*** Opening DATASET CONTENT ***
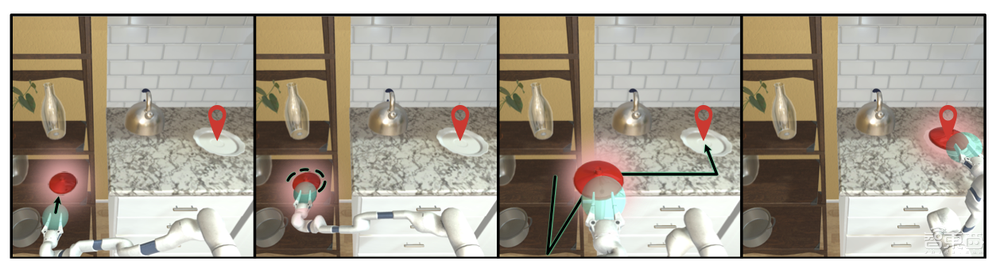 懒癌救星!机器人可开冰箱取可乐,厨房等百余场景下精准移物
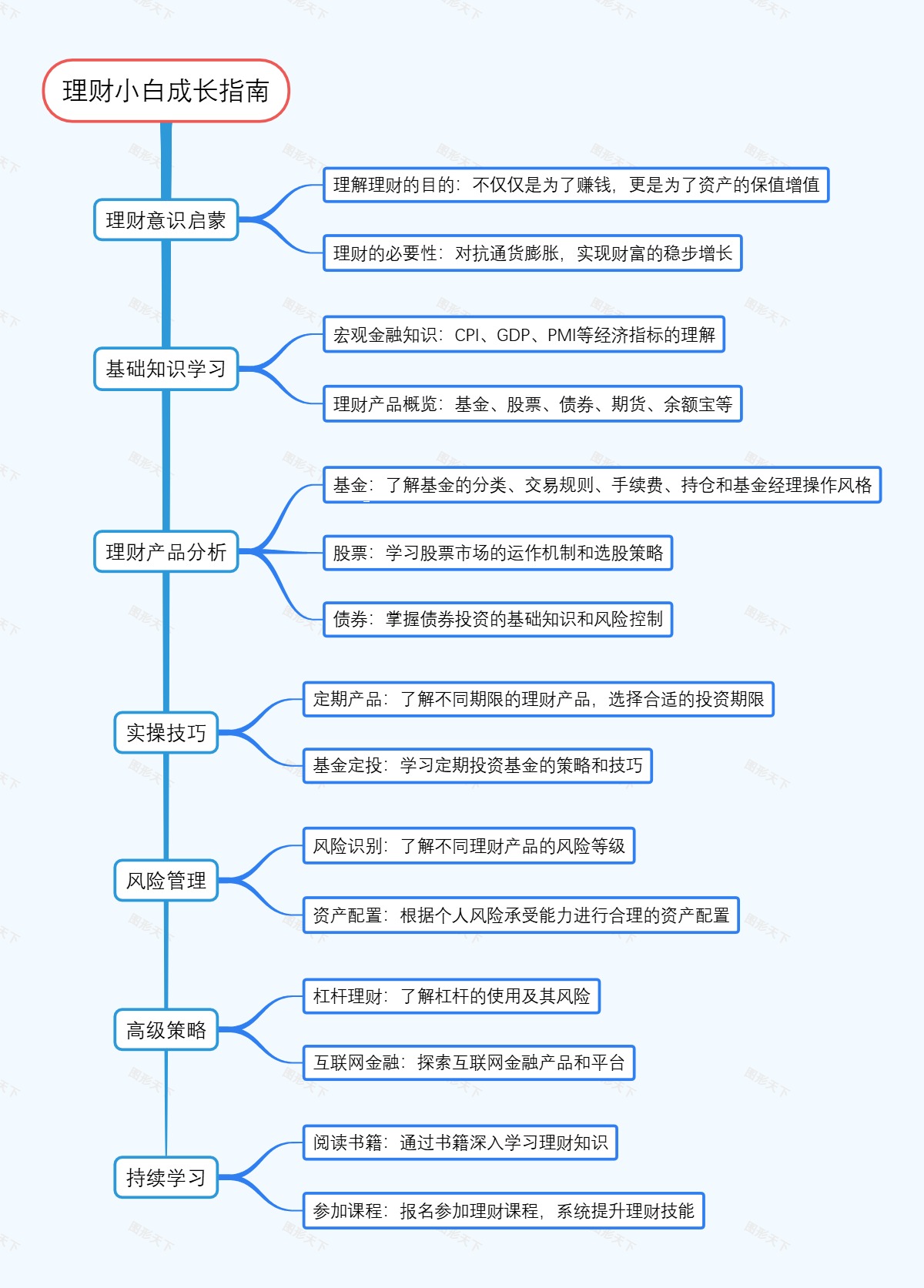 理财小白成长指南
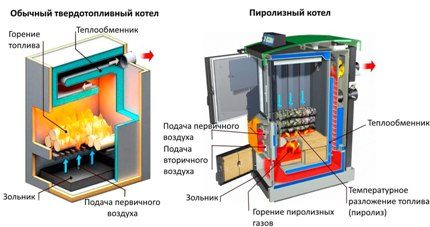 Boilers for heating a wooden house without gas Comparison of solid fuel boilers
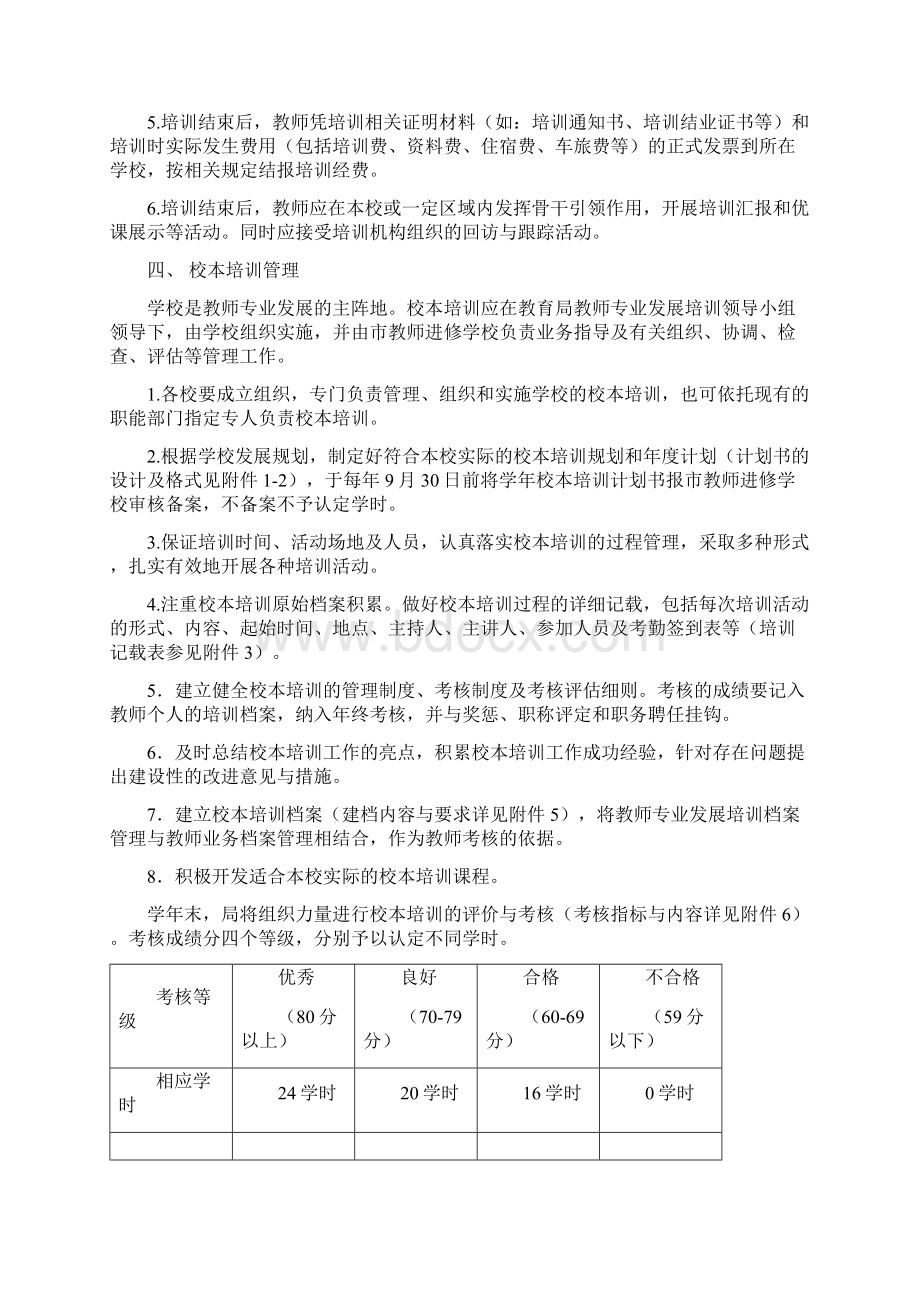 诸暨市中小学教师专业发展培训管理办法.docx_第3页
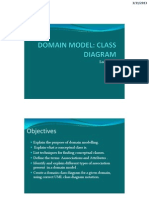 Domain Model-Class Diagram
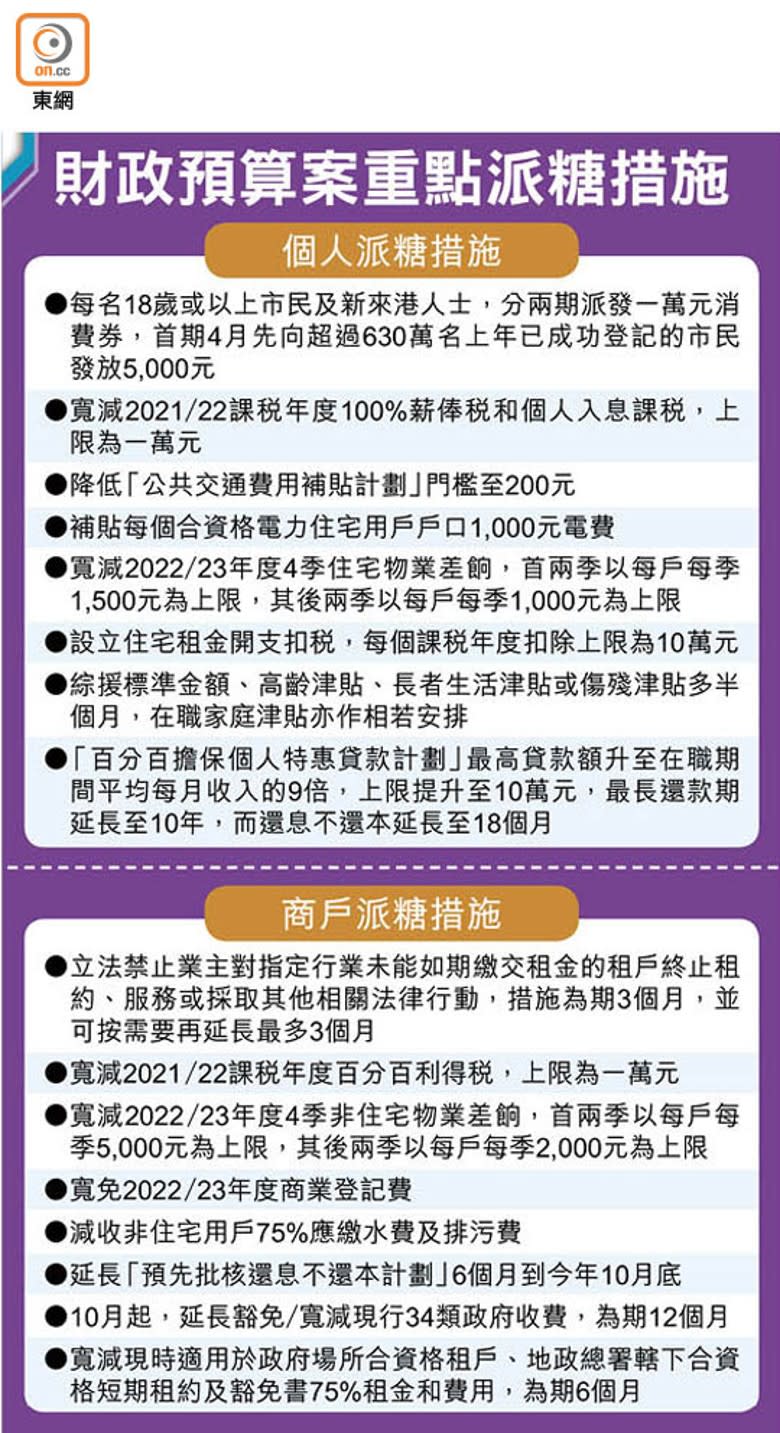 財政預算案重點派糖措施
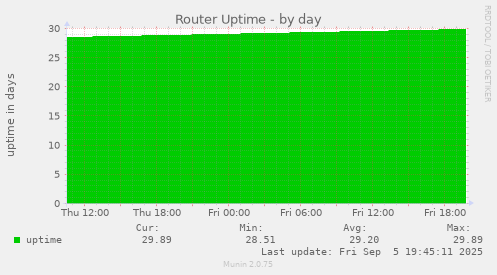 Router Uptime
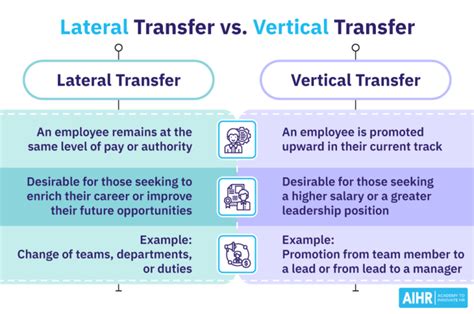 What Is A Lateral Transfer HR Glossary AIHR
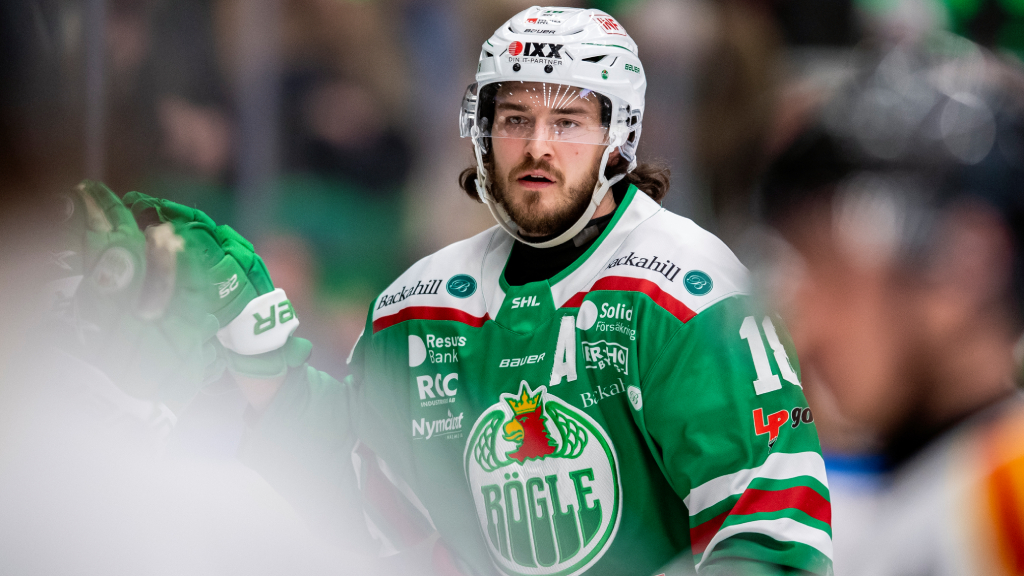 rögle förlänger sitt kontrakt i schweiz, vilket markerar en betydande prestation för laget. upptäck vad detta innebär för framtiden och de spännande möjligheterna som ligger framför rögle.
*** Closing DATASET CONTENT ***
▶ _WORK TO BE COMPLETED_: All of the data, minus its pictures, should be repeated exactly.

▶ _EXERCISE RESPONSE_:
 懒癌救星!机器人可开冰箱取可乐,厨房等百余场景下精准移物
 理财小白成长指南
 Boilers for heating a wooden house without gas Comparison of solid fuel boilers
 诸暨市中小学教师专业发展培训管理办法.docx_第3页
 Domain Model-Class Diagram
 財政預算案重點派糖措施
 Router Uptime
 What Is A Lateral Transfer HR Glossary AIHR
 rögle förlänger sitt kontrakt i schweiz, vilket markerar en betydande prestation för laget. upptäck vad detta innebär för framtiden och de spännande möjligheterna som ligger framför rögle.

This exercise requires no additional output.